Due to how vast the universe is, is it possible to find an element that is not on the periodic table? originally appeared on Quora: the place to gain and share knowledge, empowering people to learn from others and better understand the world.
The periodic table is just a list of elements: 1, 2, 3, 4, 5…. The number of the element was called the “atomic number” and once upon a time, it was just a number.
You can also order elements using other properties (particular chemical properties) so that the list of elements curves around in space, and things line up in a second or even a third dimension. It’s still a periodic table. It might not be the one you’re used to, but the one you’re used to is not like the one Mendeleev created anyway.
Once upon a time, the places of elements on the table were somewhat magical, because the number order wasn’t completely obvious, or physical. Mendeleev put them to begin with by weight, but then he found that he had to reverse a few element places (cobalt reversed with nickel, and tellurium with iodine, for example) to get the chemical properties to line up. So it was all kind of voodoo.

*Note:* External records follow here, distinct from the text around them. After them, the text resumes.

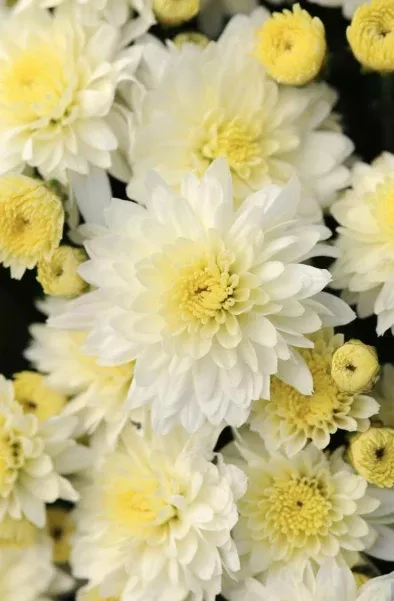4.5" Mum - Butter N Cream White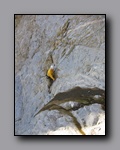 Click to enlarge 2008-10-inyo-saline-pat-keyes-030.jpg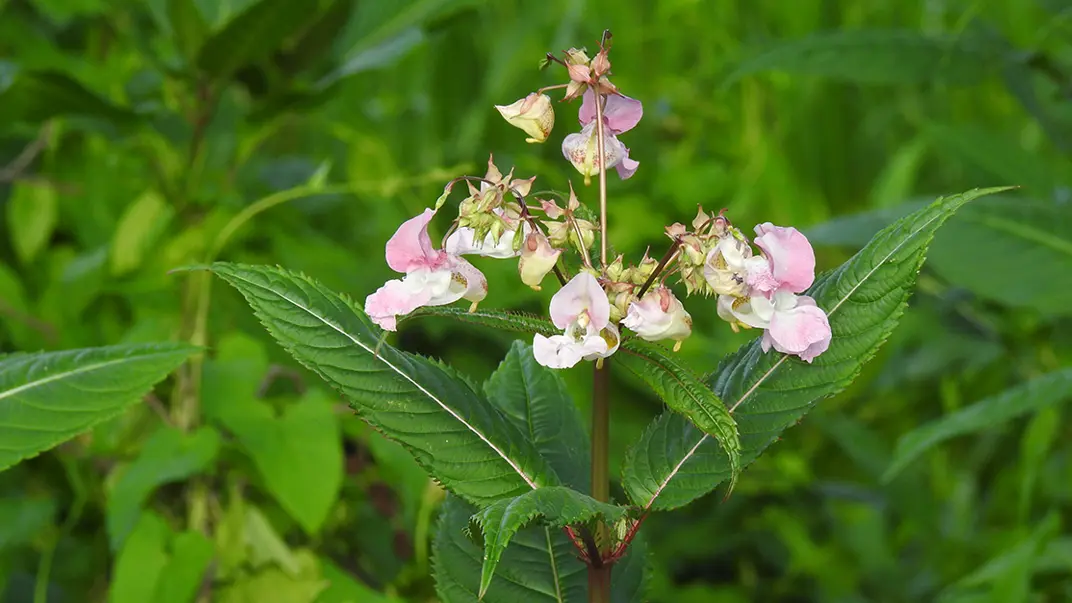 Rosa blomma mot grönt bladverk. Foto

Then along came Rutherford, Bohr, and Moseley, in the years 1911–1914, and scientists found that the place of an element on the periodic table (atomic number) was not just a voodoo hack-up, like putting cards down in Solitaire. Instead, atomic number was a physical property — the number of positive charges (known to be “protons” after 1920) in an atom’s nucleus. As such, it could be measured in the laboratory (and when it was cobalt actually did come before lighter nickel, so it worked).
The list of elements was now a matter of “how many protons?” and it wasn’t something that could have gaps or holes ever again, once filled in, unless somebody discovered a way for an element to have a fraction of a proton or fractional charge in the nucleus. And so far, nobody has, though we think they exist. Even more importantly, such an element would blow itself to kingdom-come without an exact fractional charge analogue in the electrons surrounding the atom — and electrons appear far more stuctureless objects than do protons.
Note that the list of elements has no end. You can extend it as much as you like, and if there’s a gap of very unstable nuclides, followed by stable or nearly stable ones again, then our present table can accommodate. So again, the chance that the universe has a surprise for us, depends entirely on something wedged in between elements we know, which means somebody finding fractionally-charged protons and electrons, or something like them. That’s not likely.